Minat Indonesia memasuki BRICS belum pas momentumnya. Walau motonya memperbaiki tata kelola perekonomian, warna politiknya tidak bisa ditepis.
Oleh
Redaksi
·2 menit baca
Dari sisi politik memasuki BRICS melekat dengan nuansa blok China-Rusia, yang sedang berseteru dengan AS. Perseteruan geopolitik merupakan hal lazim dan selalu ada di dunia dengan pelaku yang silih berganti. Hanya saja perseteruan mencuatkan kemanusiaan terkait invasi Rusia ke Ukraina.

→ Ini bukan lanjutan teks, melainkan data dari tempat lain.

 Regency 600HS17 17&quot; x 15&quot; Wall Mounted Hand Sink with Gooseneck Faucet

Menjadi anggota BRICS bisa juga melekat dengan nuansa menuruti China. ASEAN beranggotakan beberapa negara yang bersengketa dengan China soal Laut China Selatan. Mustahil rasanya mengabaikan solidaritas ASEAN apalagi Filipina sedang menghadapi tekanan China di lautan tersebut.

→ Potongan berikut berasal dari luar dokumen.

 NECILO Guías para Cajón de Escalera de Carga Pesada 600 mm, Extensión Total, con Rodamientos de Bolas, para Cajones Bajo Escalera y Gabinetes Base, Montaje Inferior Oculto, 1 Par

Itu semua bersinggungan dengan satu pilar BRICS, kerja sama politik dan keamanan tetapi nuansa antagonismenya sedang mencuat. Dengan tidak menjadi anggota BRICS, mungkin ada yang luput dari dua pilar lainnya; kerja sama keuangan dan ekonomi, kerja sama budaya dan relasi warga.

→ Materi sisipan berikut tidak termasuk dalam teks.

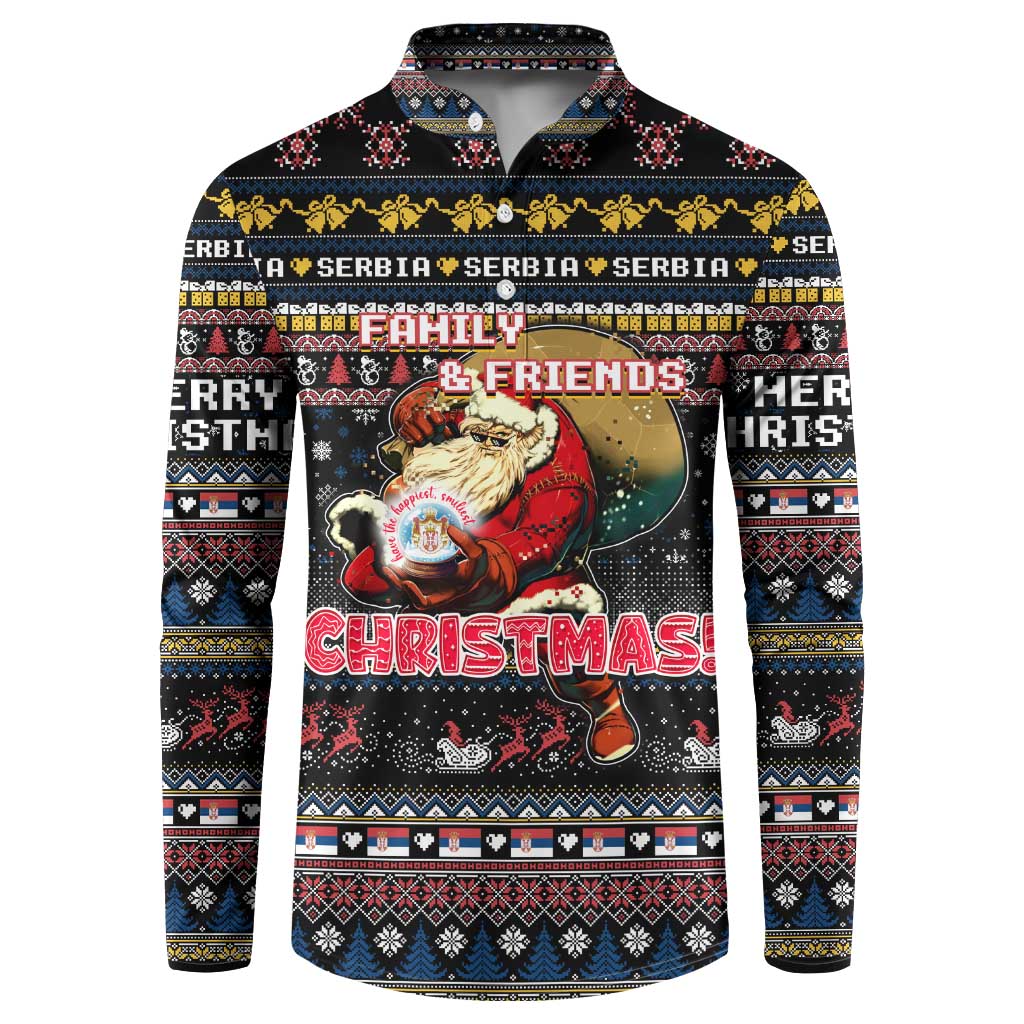 Black button-front sweatshirt with festive 'Christmas' graphic and patterned trim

Tanpa menjadi anggota BRICS, dua pilar ini relatif tidak terganggu. Hubungan Indonesia dengan semua anggota BRICS baik-baik saja, kata ekonom Yose Rizal Damuri. Dalam kerja sama ekonomi, ada istilah open regionalism, merujuk pada blok terbuka dan memberi kesempatan setara pada non-anggota asalkan ada asas resiprokal.
BRICS itu terbuka dan inklusif serta memiliki semangat Konferensi Asia Afrika. Rasanya Indonesia tidak akan kesulitan meraih akses ke BRICS, kini beranggotakan Brazil, Rusia, India, China, Afrika selatan, Etiopia, Mesir, Argentina, Arab Saudi, Uni Emirat Arab, dan Iran.
Hal lain yang menjadi pemikiran mengapa tidak masuk, BRICS itu belum jelas juntrungannya, seperti dikatakan ekonom A Prasetyantoko. BRICS terkesan menjadi blok yang lari dari kitah awal. Maka tidak heran jika Presiden Jokowi menyebutkan bahwa Indonesia masih harus mengkaji keanggotaan dan belum mengajukan minat memasuki BRICS.
Ke depan, BRICS memang akan berkembang menjadi blok ekonomi besar. “Setelah terbebas dari perdagangan yang hanya berbasis komoditas ekstraktif dan tekanan Barat; Asia, Amerika Latin, dan Afrika kemungkinan besar meraih kekayaan dan kekuatan. Negara-negara besar dengan populasi pekerja keras seperti Tiongkok, India, dan indonesia tidak dapat dipungkiri memiliki keunggulan komparatif di era globalisasi,” demikian The Washington Post, 25 Agustus, yang turut menyebut Indonesia.
Untuk sekarang ini, potensi itu masih dalam jangkauan Indonesia. Memasuki BRICS kelak, tampaknya tidak akan menyulitkan jika momentumnya pas.
Memang akan ada kesan moral hazard, masuk BRICS di saat kalkulasi keuntungan sudah jelas dan tidak berjuang bersama dari awal seperti semangat KAA di Bandung. Indonesia juga disebut paling layak menjadi anggota BRICS. Hanya saja kesan ini bisa ditepis dengan argumentasi; ada asas sensitifitas kemanusiaan terkait Ukraina dan solidaritas ASEAN.